Collected data
-- Opening Marker --
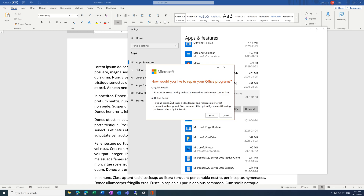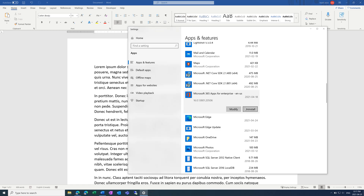That should solve almost all of your issues. If that still doesn't work, then you can try uninstalling Microsoft Office and then reinstalling. Just make sure that you have a way to reinstall it.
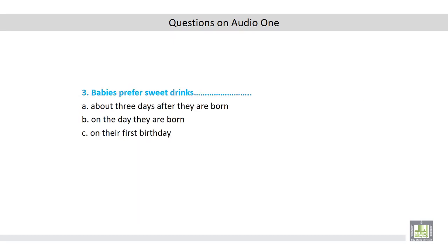The third statement: Babies prefer sweet drinks — a) about three days after they are born, b) on the day they are born, or c) on their first birthday. According to the lecture, the correct answer is b. Babies prefer sweet drinks on the day they are born.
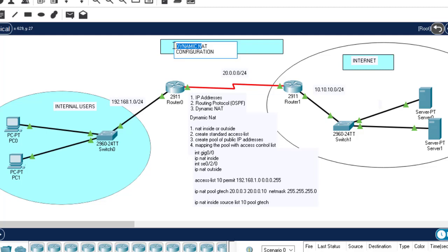Port address translation configuration. Basically, NAT overloading is a type of NAT whereby many private IP addresses are translated into a single public IP address. Port numbers will be used to distinguish the traffic — which traffic belongs to which IP address.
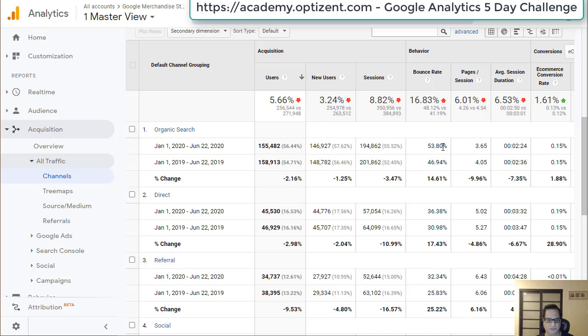Looking at this preliminary data, it seems like whatever they did hasn't worked — everything has declined, including bounce rate, meaning their efforts are actually negatively impacting the site. However, this is not a complete view. You'd also need to look at the keywords they are targeting and many other factors. But for the purpose of this question, your response is: it's not working.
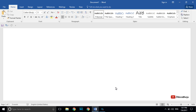Hi friends, most of us use Microsoft Word but we are unaware of its most useful hidden features. So today in this video I am going to tell you the most useful features which are rarely used in Microsoft Word. So let's get started.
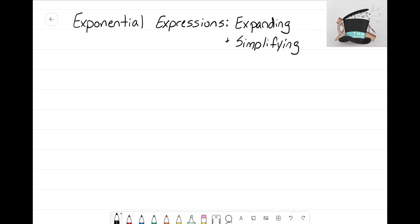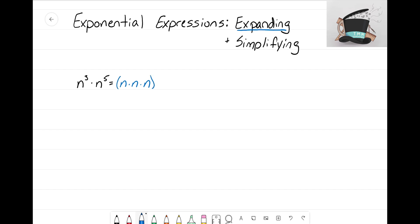Let's start with the exponential expression n cubed times n to the fifth. The first step is to expand. I see n cubed, so I'm going to have n multiplying itself three times. Then it's multiplying n to the fifth, so I'm going to write out n times itself five times. That's what we call expanding — all I'm doing is getting rid of the exponents and showing the expression in expanded form.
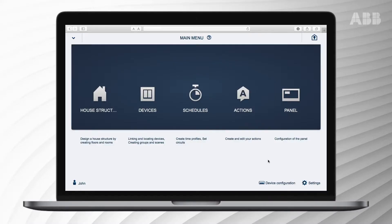New features for ABB Free at Home will be uploaded through firmware updates. Make sure you always run the latest version.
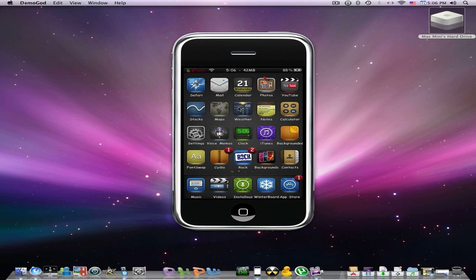Hey guys, what's up? Today I'll be showing you how to sync cracked apps into your iPod Touch. This works with 3.0 firmware and 3.1. 2.2.1 doesn't need this because 2.2.1 already has some kind of install file. You don't need to do this if you have 2.2.1, but most of you have 3.0 and 3.1, so most of you have this problem.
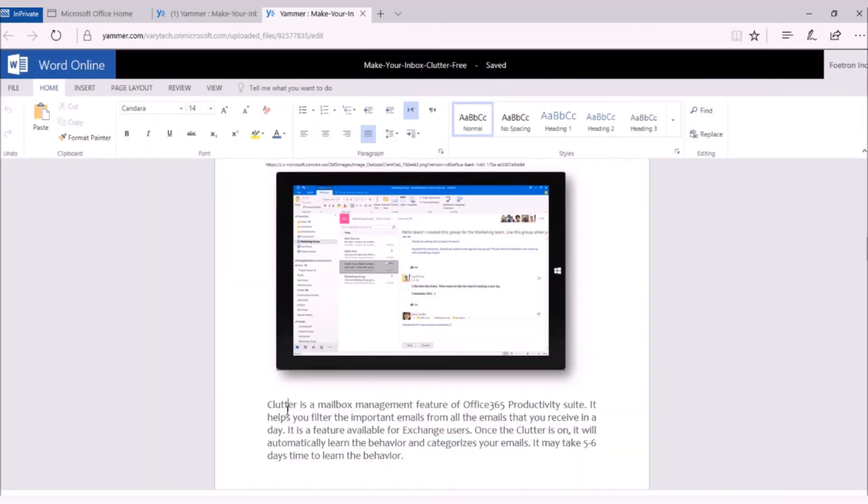And here, I can edit this document and make the desired changes. All the changes that I make will get automatically saved as the document is opened in Word Online.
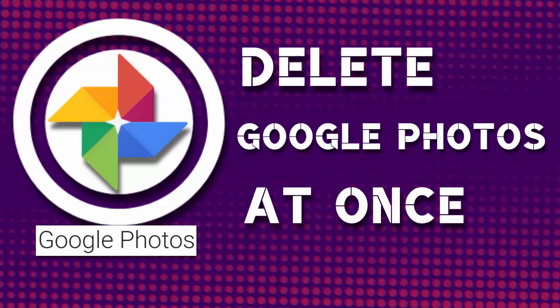In this video, I will show you how to delete all photos from Google Photos at once in a very easy way. You can also delete videos from Google Photos by following the same method.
-- Closing Marker --
--- TASK TO CARRY OUT ---
Although pictures appear among the entries, please set down only the lines from the one with "Hi friends, most" up to and including the one with "New features for", word for word.

--- TASK RESPONSE ---
Hi friends, most of us use Microsoft Word but we are unaware of its most useful hidden features. So today in this video I am going to tell you the most useful features which are rarely used in Microsoft Word. So let's get started.
Let's start with the exponential expression n cubed times n to the fifth. The first step is to expand. I see n cubed, so I'm going to have n multiplying itself three times. Then it's multiplying n to the fifth, so I'm going to write out n times itself five times. That's what we call expanding — all I'm doing is getting rid of the exponents and showing the expression in expanded form.
New features for ABB Free at Home will be uploaded through firmware updates. Make sure you always run the latest version.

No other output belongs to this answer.